** To do **
Reproduce, character for character, the lines below from the first through the one with "Clearance ZAPATILLA SUELA". Leave pictures out.

** Provided material **
········

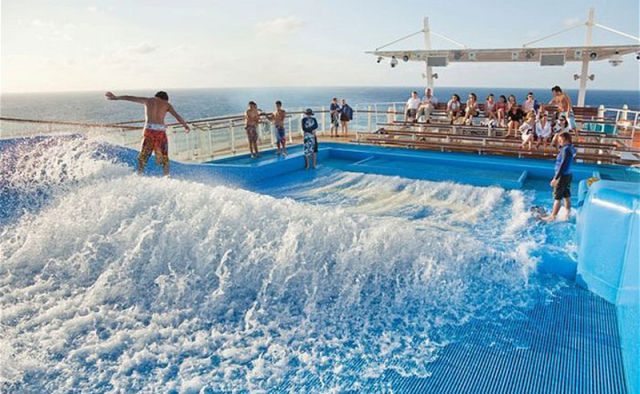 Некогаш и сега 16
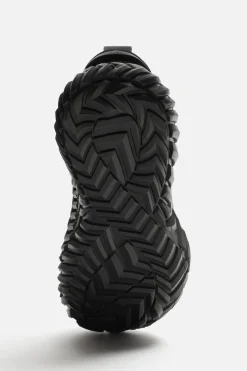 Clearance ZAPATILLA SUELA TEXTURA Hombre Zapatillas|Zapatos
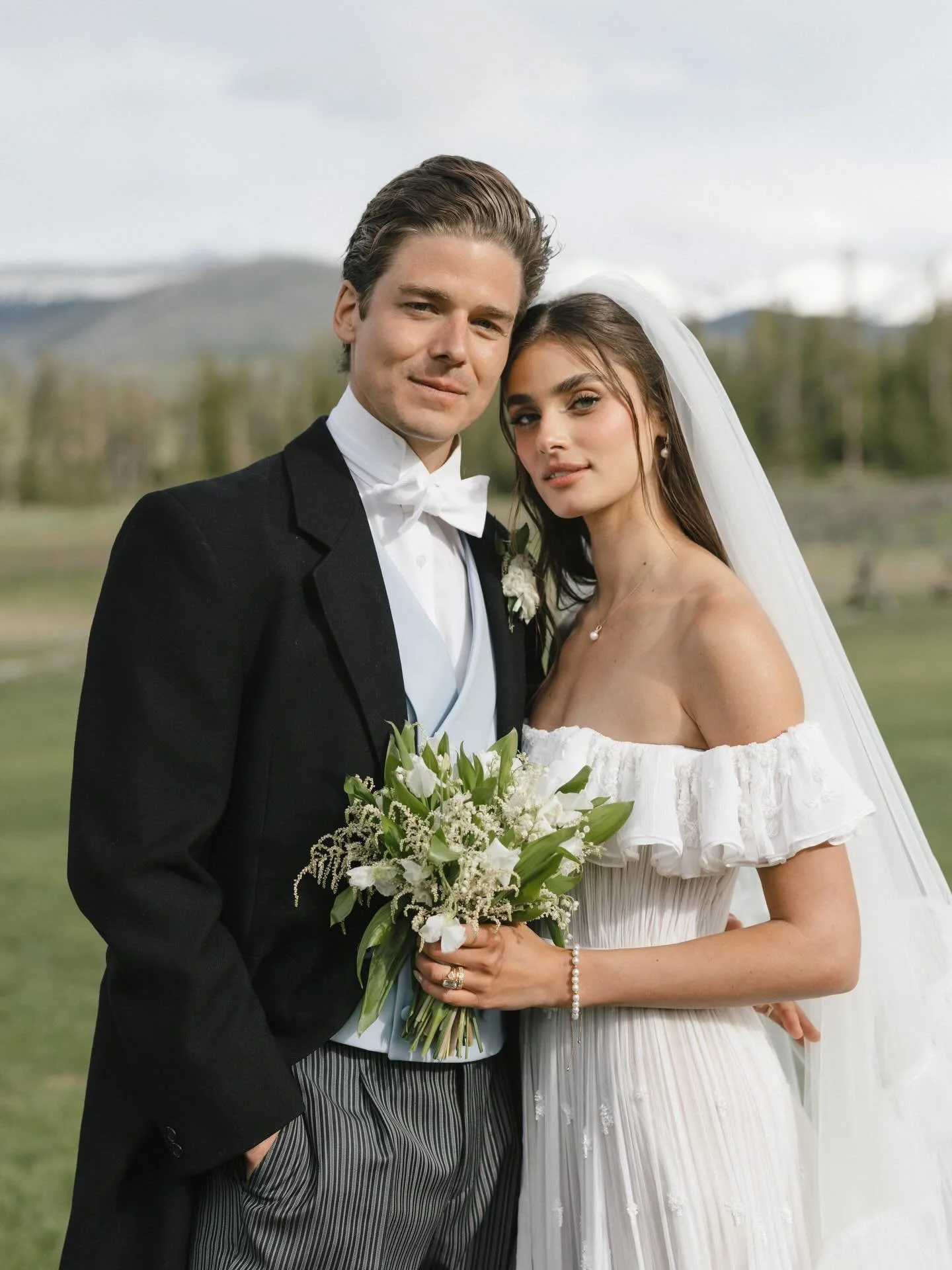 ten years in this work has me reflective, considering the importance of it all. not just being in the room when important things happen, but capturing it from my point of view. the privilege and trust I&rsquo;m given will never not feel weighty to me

········

** Task response **
 Некогаш и сега 16
 Clearance ZAPATILLA SUELA TEXTURA Hombre Zapatillas|Zapatos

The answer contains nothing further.